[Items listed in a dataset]
****************
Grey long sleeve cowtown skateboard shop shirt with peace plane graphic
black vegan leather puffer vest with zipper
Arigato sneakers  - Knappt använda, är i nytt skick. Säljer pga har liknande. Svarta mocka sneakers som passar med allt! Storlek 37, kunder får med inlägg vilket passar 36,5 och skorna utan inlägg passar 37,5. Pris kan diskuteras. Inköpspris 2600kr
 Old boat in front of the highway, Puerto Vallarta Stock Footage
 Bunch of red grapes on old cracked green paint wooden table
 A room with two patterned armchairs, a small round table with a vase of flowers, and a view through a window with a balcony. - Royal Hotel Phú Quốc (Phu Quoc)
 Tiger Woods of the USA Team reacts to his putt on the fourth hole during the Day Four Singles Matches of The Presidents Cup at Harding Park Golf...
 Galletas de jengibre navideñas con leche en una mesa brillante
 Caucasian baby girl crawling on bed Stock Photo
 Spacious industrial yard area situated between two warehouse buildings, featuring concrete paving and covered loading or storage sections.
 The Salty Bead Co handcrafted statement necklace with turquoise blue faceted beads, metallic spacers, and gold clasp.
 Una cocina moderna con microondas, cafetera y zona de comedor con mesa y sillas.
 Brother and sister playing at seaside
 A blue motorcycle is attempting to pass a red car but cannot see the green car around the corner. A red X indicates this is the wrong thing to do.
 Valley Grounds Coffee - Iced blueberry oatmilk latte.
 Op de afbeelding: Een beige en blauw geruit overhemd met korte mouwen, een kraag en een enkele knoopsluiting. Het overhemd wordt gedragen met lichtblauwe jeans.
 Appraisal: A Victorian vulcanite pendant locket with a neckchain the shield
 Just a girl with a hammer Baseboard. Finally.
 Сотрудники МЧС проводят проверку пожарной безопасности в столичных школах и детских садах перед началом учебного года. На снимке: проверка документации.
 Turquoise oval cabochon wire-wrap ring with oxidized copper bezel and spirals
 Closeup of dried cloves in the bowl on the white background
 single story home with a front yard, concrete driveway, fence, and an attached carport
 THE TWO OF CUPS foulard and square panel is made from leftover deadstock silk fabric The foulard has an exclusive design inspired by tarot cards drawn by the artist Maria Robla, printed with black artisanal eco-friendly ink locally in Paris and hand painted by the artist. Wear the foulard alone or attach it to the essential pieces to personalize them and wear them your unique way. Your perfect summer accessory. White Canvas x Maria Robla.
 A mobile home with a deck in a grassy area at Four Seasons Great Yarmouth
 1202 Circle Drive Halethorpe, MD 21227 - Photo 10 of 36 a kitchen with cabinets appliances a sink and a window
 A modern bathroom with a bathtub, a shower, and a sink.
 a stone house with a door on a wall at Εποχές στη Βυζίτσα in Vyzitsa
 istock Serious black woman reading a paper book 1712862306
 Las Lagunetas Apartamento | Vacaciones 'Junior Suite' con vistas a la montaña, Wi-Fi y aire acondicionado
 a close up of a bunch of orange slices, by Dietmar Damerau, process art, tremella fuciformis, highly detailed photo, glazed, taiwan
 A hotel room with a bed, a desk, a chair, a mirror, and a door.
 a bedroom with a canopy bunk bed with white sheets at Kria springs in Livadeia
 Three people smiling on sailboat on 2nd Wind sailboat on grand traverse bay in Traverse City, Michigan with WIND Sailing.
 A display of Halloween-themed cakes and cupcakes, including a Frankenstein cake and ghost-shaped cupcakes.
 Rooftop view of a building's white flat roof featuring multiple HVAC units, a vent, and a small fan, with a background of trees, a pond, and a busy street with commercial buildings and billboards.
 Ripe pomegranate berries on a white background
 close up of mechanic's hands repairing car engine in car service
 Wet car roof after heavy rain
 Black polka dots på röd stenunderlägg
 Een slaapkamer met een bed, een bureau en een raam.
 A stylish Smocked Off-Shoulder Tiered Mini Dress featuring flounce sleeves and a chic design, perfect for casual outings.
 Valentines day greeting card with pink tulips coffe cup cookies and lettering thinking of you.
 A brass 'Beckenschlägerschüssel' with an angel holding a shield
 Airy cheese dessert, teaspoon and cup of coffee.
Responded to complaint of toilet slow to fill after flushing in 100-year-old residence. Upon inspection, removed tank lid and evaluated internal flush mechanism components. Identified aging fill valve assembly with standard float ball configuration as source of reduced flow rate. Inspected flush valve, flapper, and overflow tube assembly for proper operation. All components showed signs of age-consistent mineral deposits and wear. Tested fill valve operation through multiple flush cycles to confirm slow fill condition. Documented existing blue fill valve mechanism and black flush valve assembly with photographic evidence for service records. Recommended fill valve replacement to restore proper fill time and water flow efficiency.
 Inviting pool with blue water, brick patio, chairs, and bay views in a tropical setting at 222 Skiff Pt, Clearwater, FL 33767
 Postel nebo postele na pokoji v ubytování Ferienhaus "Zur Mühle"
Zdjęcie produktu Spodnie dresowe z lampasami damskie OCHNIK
****************
- _ASSIGNMENT_: Retype only the stretch of lines above starting at the one with "single story home" and stopping at the one with "Een slaapkamer met", exactly as written, with both kept.

- _WRITTEN REPLY_:
 single story home with a front yard, concrete driveway, fence, and an attached carport
 THE TWO OF CUPS foulard and square panel is made from leftover deadstock silk fabric The foulard has an exclusive design inspired by tarot cards drawn by the artist Maria Robla, printed with black artisanal eco-friendly ink locally in Paris and hand painted by the artist. Wear the foulard alone or attach it to the essential pieces to personalize them and wear them your unique way. Your perfect summer accessory. White Canvas x Maria Robla.
 A mobile home with a deck in a grassy area at Four Seasons Great Yarmouth
 1202 Circle Drive Halethorpe, MD 21227 - Photo 10 of 36 a kitchen with cabinets appliances a sink and a window
 A modern bathroom with a bathtub, a shower, and a sink.
 a stone house with a door on a wall at Εποχές στη Βυζίτσα in Vyzitsa
 istock Serious black woman reading a paper book 1712862306
 Las Lagunetas Apartamento | Vacaciones 'Junior Suite' con vistas a la montaña, Wi-Fi y aire acondicionado
 a close up of a bunch of orange slices, by Dietmar Damerau, process art, tremella fuciformis, highly detailed photo, glazed, taiwan
 A hotel room with a bed, a desk, a chair, a mirror, and a door.
 a bedroom with a canopy bunk bed with white sheets at Kria springs in Livadeia
 Three people smiling on sailboat on 2nd Wind sailboat on grand traverse bay in Traverse City, Michigan with WIND Sailing.
 A display of Halloween-themed cakes and cupcakes, including a Frankenstein cake and ghost-shaped cupcakes.
 Rooftop view of a building's white flat roof featuring multiple HVAC units, a vent, and a small fan, with a background of trees, a pond, and a busy street with commercial buildings and billboards.
 Ripe pomegranate berries on a white background
 close up of mechanic's hands repairing car engine in car service
 Wet car roof after heavy rain
 Black polka dots på röd stenunderlägg
 Een slaapkamer met een bed, een bureau en een raam.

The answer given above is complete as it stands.